Annie Leibovitz and the gay tax

Same-sex couples do not have the same privileges as straight married couples when it comes to inheritance. If your partner passes away and leaves her estate to you, you have to pay up to 50 percent of the value of your inheritance in taxes. However, if you and your partner were recognized as a married couple, you wouldn’t have to pay a dime.

By Nancy Goldstein / March 5, 2009

Poets swoon about it and singers croon about it, but LGBT people can calculate the cost of love down to the last penny. In my household it comes to around $329.25 monthly: that’s the gay tax my wife and I shell out for me to be on her health insurance plan, because her company must treat that benefit as additional taxable income. It doesn’t matter that our Massachusetts marriage is recognized in New York. Companies pay for their employees’ health insurance with pre-tax money through a federal program, and same-sex marriage isn’t federally recognized.

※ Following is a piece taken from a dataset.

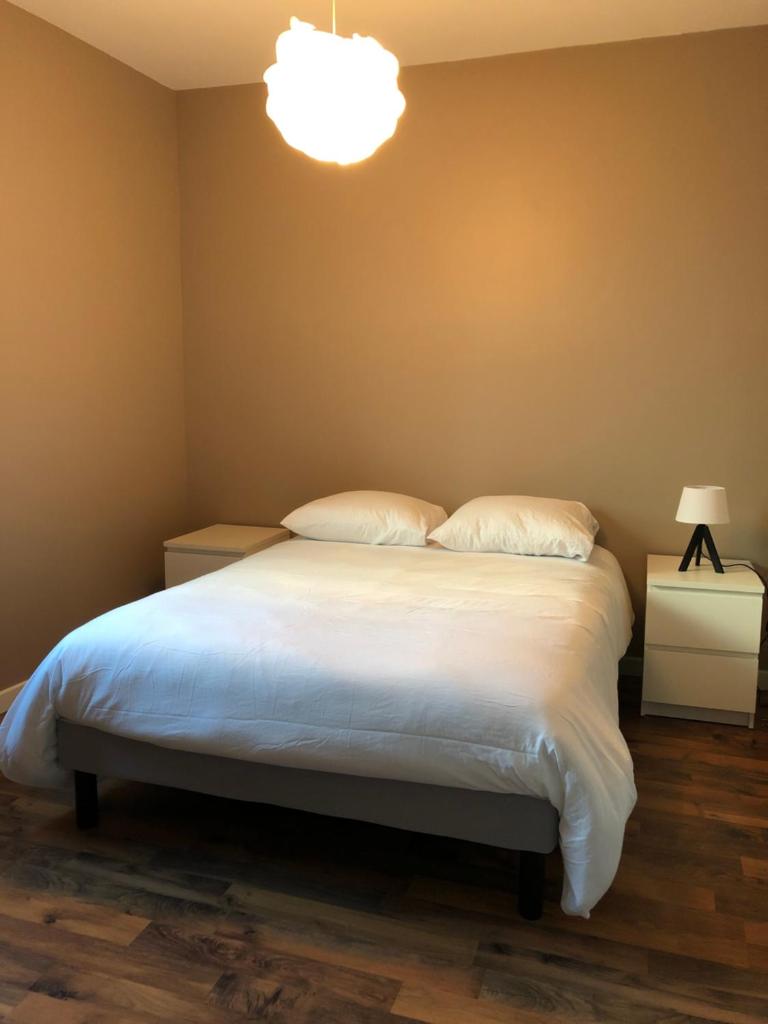 Appartement de 110m2 au centre de Cusset photo 2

But that’s chump change compared to what love is currently costing celebrity photographer Annie Leibovitz. Back in late February the NYT noted that Leibovitz had borrowed a total of $15.5 million from a company called Art Capital Group using “as collateral, among other items … town houses she owns in Greenwich Village, a country house, and something else: the rights to all of her photographs.”

But what the NYT missed, along with every other straight newspaper that picked up the story, is why Leibovitz suddenly found herself in such dire financial straits. It took AfterEllen’s Julie Miranda to put two and two together and figure out that “most of Leibovitz’ financial woes stemmed from her inheritance of her longtime partner, Susan Sontag’s estate.” Writes Miranda (who, in turn, is channeling Suze Orman’s Valentine’s Wish for Gay Marriage):

“Same-sex couples do not have the same privileges as straight married couples when it comes to inheritance. If your partner passes away and leaves her estate to you, you have to pay up to 50 percent of the value of your inheritance in taxes. However, if you and your partner were recognized as a married couple, you wouldn’t have to pay a dime…When Sontag died in 2004, she bequeathed several properties to Leibovitz, who was forced to pony up half of their value to keep them.”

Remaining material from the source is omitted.